The Liberal Democrat Party Conference in Bournemouth finished this week, but one of its earliest sessions on Saturday 23 September saw a full house of delegates gather for the fringe event hosted by The Countryside Alliance Foundation. 

The event, entitled ‘Future of the countryside: the Liberal Democrat vision?’, featured a panel of the Liberal Democrats’ Environment, Food and Rural Affairs spokesman Tim Farron MP, North Shropshire by-election winner Helen Morgan MP, Penrith and Solway candidate and former Uplands Alliance chair Prof. Julia Aglionby, and the Party’s Food and Farming Working Group chair and former NFU Deputy President Stuart Roberts. 

Helen Morgan opened with a wide-ranging presentation on the issues faced by rural communities. She talked about deficiencies in public transport infrastructure, home insulation and the need for an economic plan to address the cost-of-living crisis and the rural premium. She also highlighted the difficulties that arise from poor mobile reception and broadband connections in the modern world, funding for councils to deliver services and the need for better housing stock. 

Stuart Roberts urged delegates to look to the opportunities the countryside presents as well as the challenges. While there are some people who think it should only be used for the environment and others who want to abandon all environmental interests and turn the clock back to the 1970s, for him the future must mean the countryside producing both food and environmental improvement in a symbiotic relationship – and many farmers around the country are already doing that. 

Julia Aglionby said that flourishing communities require services that work for them, such as effective transport, efficient heating and good jobs and opportunities. With a quarter of England designated as National Parks or Areas of Outstanding Natural Beauty, there is an opportunity for the Liberal Democrats to serve these communities that, she argued, are currently being ignored. The Liberal Democrats, she said, are the only party that has committed to raising the agriculture budget. 

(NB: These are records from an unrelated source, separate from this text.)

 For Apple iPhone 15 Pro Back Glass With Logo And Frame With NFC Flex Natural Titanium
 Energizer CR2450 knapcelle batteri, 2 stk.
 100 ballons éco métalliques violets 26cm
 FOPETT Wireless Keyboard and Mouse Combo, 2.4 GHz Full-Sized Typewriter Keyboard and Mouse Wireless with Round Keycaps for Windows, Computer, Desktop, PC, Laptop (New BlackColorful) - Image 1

Tim Farron began by celebrating the two rural businesses in his constituency that were successful in last year’s Countryside Alliance Awards and expressed gratitude to the Alliance for its work, and for attending the conference. Turning to politics, he said that in large parts of rural England the Liberal Democrats have the opportunity to be the other horse in a two-horse race, and it can do that by listening to rural communities and showing how it values them. Rural services, he said, cost more per head to deliver, so the government must accept that and invest what is needed. He also criticised the government for squandering the Brexit opportunity to replace the Common Agricultural Policy with a better alternative by failing in implementing policies that are good on paper. 

There followed a lively discussion with the floor, with housing looming large. Tim Farron argued that councils must be empowered and funded to build more homes, not just set targets. Helen Morgan agreed, expressing frustration at the number of constituents she had had to see at her surgeries complaining about sub-standard housing that she was currently unable to resolve.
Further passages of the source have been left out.